How To Improve Your Attitude And Become  Independent Enough

The way to change a mindset can be as natural as breathing and, at other times, can be one of the most difficult things you’ll ever do. This is all part of the process of becoming Independent Enough in our relationships. It’s something we all do when we get jammed up and we think we “know” exactly what we need to do, almost without giving our actions much thought. We’re just not aware of it. However, if you’ve had any level of success at anything, you follow a processof becoming Independent Enough. On the other hand, you’ll know if you do not follow this processwhen life sucks and you are stuck in the murk and the mire of a relationship. We have a saying in the South, “When you’re up to your ass in alligators, it’s hard to remember the original objective was to drain the swamp.” This is when we lose our way.

Okay, here’s the process. First, it’s important take a psychological step back from the world to get the “noise” out of our head.

Those thoughts about what the other person is doing or what we are doing to ourselves, the angry, obsessive, ruminating, critical, judgmental, analyzing, and attacking thoughts that all too often run through our minds.

Getting the

“it’s not fair”

“they’re hard to deal with”

“I’d never do what they did”

“what a jerk”

“I can’t do this”

“I’m a loser”

“I’ll never be happy”

out of your head is what taking a step back is about.

Taking a psychological step back, becoming Independent Enough, from the world is also about getting the other “noise” of the world out of our head: What others think we ought to do, what we’ve learned as a child that doesn’t work, and what experts tell us.

Disengaging from any critical, opinionated, judgmental, advice coming from someone else’s experience that may not be helpful, ideas coming from other’s own fear and insecurity, suggestions coming from someone’s own agenda, and mean spirited advice. Disengaging so we are left with nearly no “noise” in our head.

Once you’ve taken a step back, you’re left with yourself.

You are set up for the self-reflection you need to do to figure out any given situation. Self-reflection is an understanding of who we are in a particular situation, what we’re doing, therole we’re playing in a relationship, what our issues may be, and how we need to change. It’s time to listen to ourselves, know ourselves by seeing our reactions, our psychological make-up, and what’s going on in our lives. This helps guide us through rough times and enables us to better figure out how we want to think.

Self-reflection is like looking in a mirror.

After dressing, we look in the mirror and make sure our hair is set how we want, our clothes match and are tucked in and fitting the way we want.  We might turn around and look over our shoulder or use a second mirror to see our back. Then we sometimes take a closer look to make sure there’s nothing embarrassing we forgot to do for those times when we might have close encounters. This is done before we make any final adjustments and go into the world.

We’re not perfect, but that’s not the point.

The point of looking in the mirror is to see our reflection so you can make any changes we want to make or not make. To see if we look the way we want to look and to be who we want to be for the day.
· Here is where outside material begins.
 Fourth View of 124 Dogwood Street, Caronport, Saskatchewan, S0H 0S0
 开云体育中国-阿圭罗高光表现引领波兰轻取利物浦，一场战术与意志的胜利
Looking in the mirror allows you to reflect, to take a moment to evaluate if you need tweaking or smoothing out. We may adjust some minor detail or change something major in our appearance. The mirror image tells us something about ourselves.

Psychological self-reflection does the same thing.

The mirror is the other person, place, or thing. The reflection is our mind. It’s taking a look at the way we’re thinking, how we’re behaving and what in the world we’re doing, in relation to the other person.Similar to the mirror, self-reflection allows us to see who we are and compare that to who we want to be, where we are, and where we want to go. Self-reflection is about “Me, Myself, and I,” after interacting with the other person (our mirror).

The next step in the process of becoming Independent Enough is making a decision about what change we want to make, if any.

Like self-reflection, this can take a second (that is, it can happen in the moment), a minute, an hour, a day, a month or a year. It’s what you do after you’ve looked in the mirror and just before you fix that final strand of hair that’s out of place. You’re still in the state of self-reflection, the same mind set, looking at yourself, but now you’re making the decision of what to do. What change you’ll make, if any. How you will change your mindset and how you’re going to think differently about the interaction you were involved in. You are still deep in thought, deep within yourself, with the “noise” of the world gone, or at least, silenced enough to decide what you’re going to do, what your next step will be.

At this point you’re probably feeling pretty good about yourself and what you’ve decided. You’re ready to take the next step in this process of becoming Independent Enough.

You step back into the relationship, back into the world, and carry out the change you’ve made. Interact with the person, place or thing with a changed point of view. With a changed mindset, your behavior in the situation will automatically change as a result. Remember, action follows thought.

But you’re not finished. Just because you’ve made this “shift” in thinking, doesn’t mean the world is going to respond the way you’ve envisioned. It doesn’t mean the world is going to like the way you’ve coiffed. The possible outcomes are:

  1. The changes you’ve made have a positive effect and all is well.
  2. The changes you’ve made cause another set of problems in the relationship.
  3. You tried to step back into the relationship with a new you, but you couldn’t maintain the changes. You need more work.

Regardless of the outcome, the last step in becoming Independent Enough is repeating this process over and over again. It is rarely one and out. Whatever happens you’ll need to take a step back, become self-reflective, and decide what mindset you want to change before stepping back into the relationship…again and again. Repeating the process of becoming Independent Enough requires a commitment, not to any particular relationship, but rather to yourself. A commitment to challenge yourself and grow into who you need to become to maneuver your way through life.